Lucy’s mother looked from Colin to Josie and back. “Colin,” she said. “You know this woman?” He turned to her and smiled. “Amy,” he said. “You don’t recognize her from the news?” Tension knotted Josie’s shoulder blades. As a detective for the Denton Police Department, Josie had solved some of the most shocking cases in the state, many of which had made national news, but she still wasn’t used to her celebrity. Or notoriety. Amy stared at Josie with uncertainty until, finally breaking the tension, Josie extended a hand. “He’s right. I’m Josie Quinn.

I’m a detective with the police department.” Amy’s hand flew to her mouth. “Oh my God, you just solved the Drew Pratt case!” Josie nodded, noticing that Colin was beaming at her. “My team solved the case, yes.” Colin said, “She’s fantastic. Do you know who her father is?” Josie opened her mouth to say that her father was dead but before she could, Colin said, “Christian Payne.” A year ago, Josie had found out that she’d been kidnapped as an infant. Her real family believed she died in a fire. She had only been recently reunited with them. It was still hard to get used to having an entirely new family.

“You know him?” Josie asked. Colin smiled. “We both work for Quarmark.” “Right,” Josie said. “Big pharma. Do you work in marketing as well?” “No, I’m on the team that develops the pricing structures for new drugs Quarmark rolls out onto the market.” “Fun stuff,” Amy remarked. “Daddy,” Lucy whined. “I want to go on the carousel.” “JoJo,” Harris said, pointing over Josie’s shoulder.

“Swings!” Josie was relieved he had changed his mind. “Just a minute, buddy.” Amy placed a hand on her husband’s back. “Honey, Lucy wants to go on the carousel. Do you want to go on with her or should I?” Colin smiled down at his daughter. “Maybe all three of us could go on.” “Which horse will you go on, Daddy?” Lucy asked. “I don’t know,” he said. “I have to have a good look at them before I choose.” He shot Josie another smile.
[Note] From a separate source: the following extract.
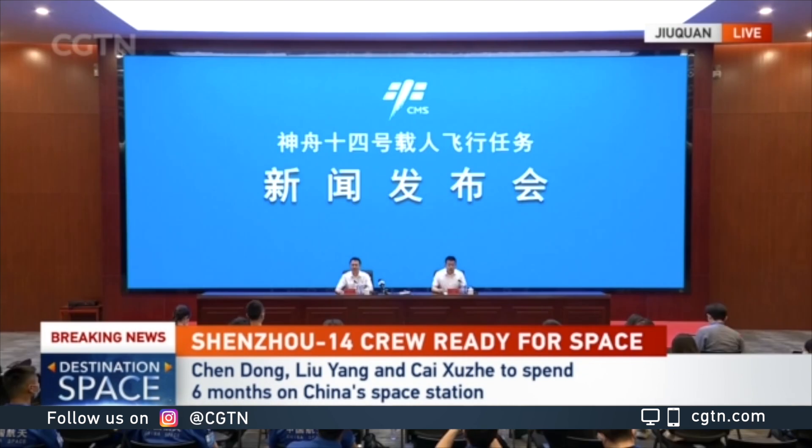The Shenzhou-14 mission is a go. As of this moment, the Long March 2F rocket is being fueled with propellants and will be launched into space at 10:44 tomorrow morning. The mission consists of three crew members: Chen Dong, Liu Yang, and Cai Xu Zhe — a much anticipated crew.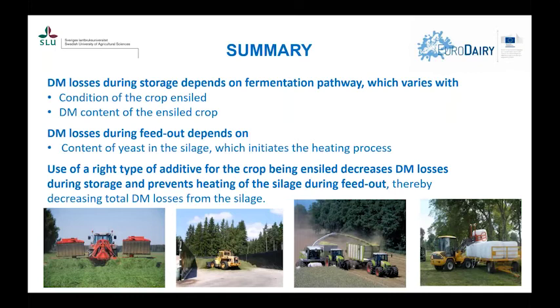In another maize trial, opening at 28 days versus 110 days of fermentation showed that digestibility decreased more quickly from shorter-stored silage, though both lost digestibility over time. In summary: dry matter losses during storage depend on the fermentation pathway, which varies with crop condition and dry matter content at ensiling. Dry matter losses during feed-out depend on yeast content, as yeast initiate the heating process. We can decrease dry matter losses during storage and prevent heating during feed-out by using the right type of additive for the crop being ensiled. Thank you for listening.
“It was great to meet you.” “You too,” Josie said. As the Ross family drifted off toward the carousel, Josie set Harris down on the grass and he raced off to the swings. As she helped him into one of the empty swings and began pushing him lightly, she saw that Amy and Lucy Ross had gotten on the carousel. Colin stood just outside the fence, talking on his cell phone again. So much for a family carousel ride. “Higher!” Harris cried. “Please, JoJo?” Josie smiled down at his crown of golden blond hair and pushed a little more forcefully, even though sending him a fraction higher caused a small uptick in her anxiety. She didn’t know how his mother, Misty, brought him here all the time. It seemed so fraught with danger.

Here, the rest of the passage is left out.